Earliest proof of caries found in 54-million-year-old mammal

By Melissa Busch, DrBicuspid.com associate editor

September 17, 2021 -- The oldest known evidence of caries in a mammal was found in the fossils of a monkeylike animal that lived 54 million years ago. A shift to higher-sugar foods likely caused the tooth decay, according to a study published on September 9 in Scientific Reports.

This is the first discovery of cavities in a fossil from an Early Eocene mammal, the stem primate Microsyops latidens. Also, it is the largest collection of individuals with caries for any fossil vertebrate taxon, the authors wrote.

"M. latidens underwent a dietary change resulting in an adaptive shift in the form of their teeth, and in the prevalence of dental disease," wrote the group, led by Keegan Selig, a doctoral candidate in the department of anthropology at the University of Toronto Scarborough in Ontario.

A micro-CT reconstruction of the right upper jaw fragment of <em>M. latidens</em> with carious lesions on the first and second molars. Also, a reconstruction of a slice through the caries in the second molar showing the internal morphology of the carious lesion.
(A) A micro-CT reconstruction of the right upper jaw fragment of M. latidens with carious lesions on the first and second molars. (B) A reconstruction of a slice through the caries in the second molar showing the internal morphology of the carious lesion. The slice is demarcated by the dashed line. All images courtesy of Selig et al. Licensed under CC BY 4.0.

M. latidens roamed the Earth for about 500,000 years before the species became extinct approximately 54 million years ago. These stem primates, which means they have no living descendants, were thought to be omnivores that relied mostly on leaves and fruits for their diet. The animals can be identified by their spearhead-shaped lower central incisors, and their fossilized teeth have been unearthed from the Willwood Formation of the southern Bighorn Basin of Wyoming for decades, according to the authors.

To better understand the small holes and damage that could be seen in the fossilized teeth, Selig and colleagues examined them under a microscope. They identified the pits and fissures as cavities and reconfirmed them using micro-computed tomography (CT) reconstructions, they wrote.

The researchers identified caries in 77 of the 1,030 individual fossil samples, or about 7.5% of the total. There was a notable variation depending on the specific time period in which these animals lived. During certain intervals, the prevalence of dental caries in M. Latidens reached 17.4%, the authors wrote.

Micro-CT reconstructions of lower right jaw fragments and upper right jaw fragments.
(A, B) Micro-CT reconstructions of lower right jaw fragments. (C, D) Reconstructions of upper right jaw fragments. In each tooth, the caries is primary and located in the occlusal basin. Black arrows denote the carious lesions. Scale bar = 1 mm.

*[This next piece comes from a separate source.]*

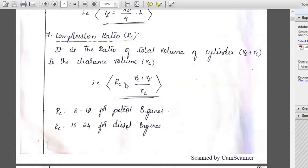A student responds: the amount of compression taking place in the clearance volume. The instructor confirms: yes, the amount of compression occurring inside the cylinder, expressed as a ratio or value, is called the compression ratio. This depends on the type of engine — for a petrol engine, the compression ratio is usually less, while for a diesel engine, the compression ratio is usually more.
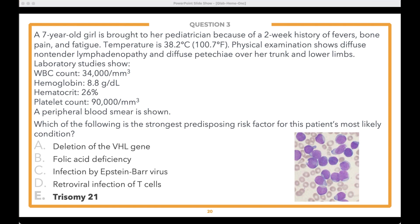I would consider this a three-step question, or two steps if being generous. Step one: diagnose ALL using the history, labs, and peripheral smear. Step two: knowing that the risk factor for ALL is a very young patient or a Down syndrome patient. Step three: knowing that Down syndrome is trisomy 21 — that's how you arrive at the answer.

The evidence suggests the animals began eating more fruit or other sugar rich-foods for a short period of time. Though it is difficult to determine why their diet shifted, it is well documented that there was climate change during the Early Eocene period. Increasing and decreasing temperatures may have affected the availability of certain foods, they wrote.

"Our results suggest that caries frequency was high at times in the past among Microsyops latidens, with large proportions of individuals afflicted by the disease in particular intervals of time," Selig and colleagues concluded.